Lab 5: Performance Benchmarking and Overhead

In this lab, we’ll determine whether the entire class has been built on a foundation of lies or not. There have been several claims made about the performance implications of system calls, but could they really be that significant? Let’s find out.

To complete this lab, you will need to take performance measurements by retrieving the current UNIX timestamp from the hardware real-time clock (RTC). You’ll create a new user space program called benchmark that executes another program, determines how long it ran for, and counts the number of system calls it issued. You can take inspiration from the previous tracer program (you do not have to complete Lab 4 to do this assignment, but may benefit from reading it if you haven’t already).

The Setup

One of the major performance issues we discussed in Lab 2 was the large amount of system calls caused by fgets reading character-by-character. To get an estimate of how much of a problem this is when it comes to execution speed, we can store a large file in our OS file system and then see how fast it can be read and printed out with either fgets or getline. As an initial point of comparison, we can also find out how long it takes to run the cat utility on the file (note that cat does not treat newline characters as a special case).

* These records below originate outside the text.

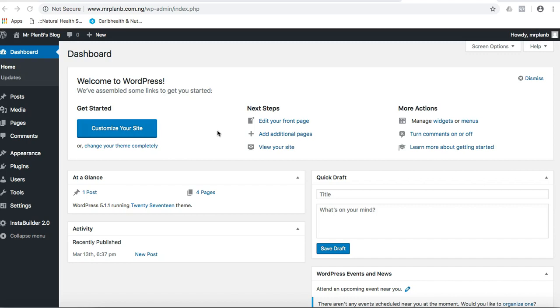When they click the link or visit the link, the ebook will just open to them, or something will pop up to say download ebook and they will download it. You don't need to be sending the ebook to people one by one. All you need is just to get the link, send the link to them, and they'll be able to download the ebook.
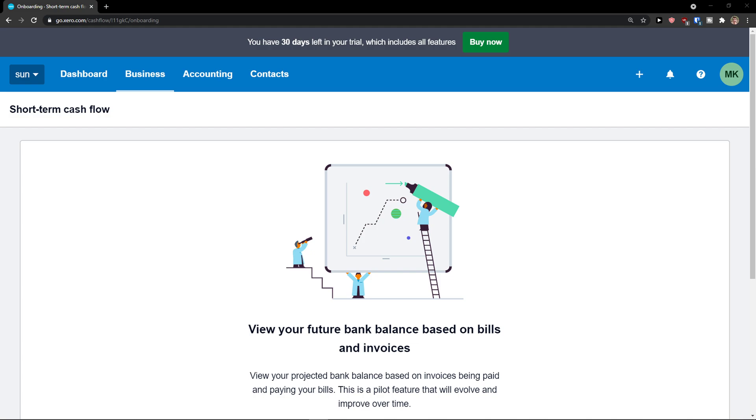Hey there guys, my name is Marques and in this video I'm going to show you how you can easily set up your template in Xero and how you can change your invoice template.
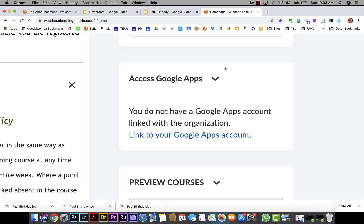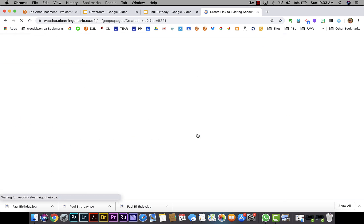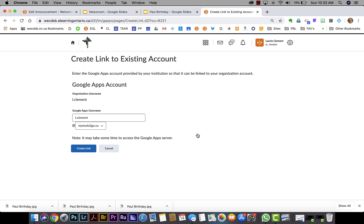When you click on link to your Google Apps account, it's going to ask you to put in your username. That will prompt you for your Google password.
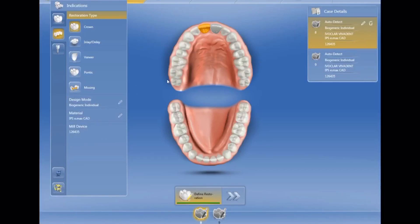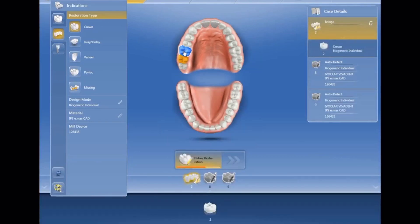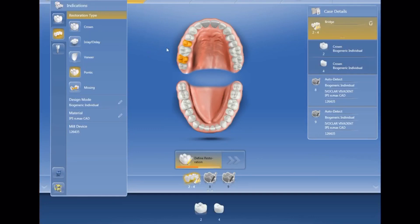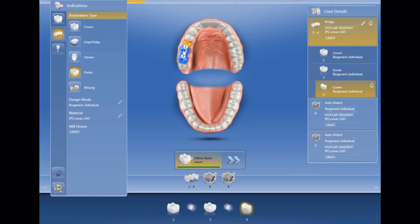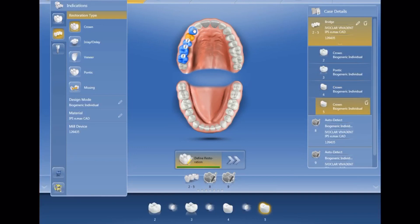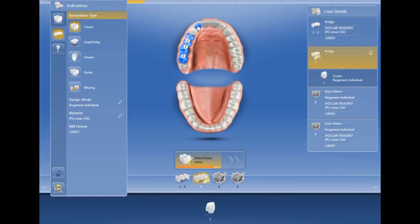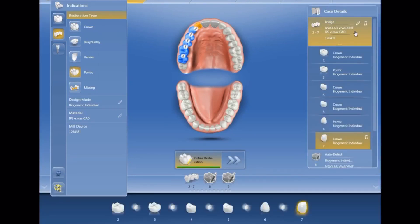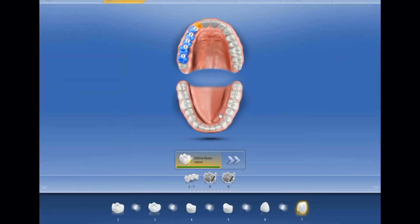I'm going to select the abutments on two and four, then move to the pontic. Mind you, I had never done two adjacent bridges concurrently with a CEREC before. I set up the two abutments on the adjacent bridge, then moved to the pontic — and you'll notice the image is showing one giant bridge with two pier abutments in the middle, which is not what I wanted.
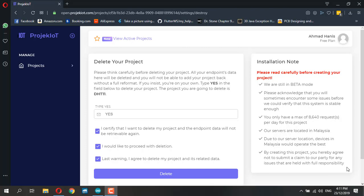Welcome to another IoT tutorial. Today we're going to look at another local broker called ProjekIoT. This broker is locally operated in Malaysia and is still in beta mode.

One “large” file that will work for this experiment is a 24-KB excerpt of H. G. Wells' The Time Machine. Download it to your OS directory with wget or curl and then add it to the file system image by editing your Makefile. Look for the recipe that builds fs.img and use README.md as a point of reference for adding the new file. Hint: the first line of the recipe lists its dependencies, and the second line tells make how to build it. You need to update both lines.

Once you’ve successfully copied your reading material into the file system image, start up your OS and try running cat on the file. It will take some time to read and print out on the console.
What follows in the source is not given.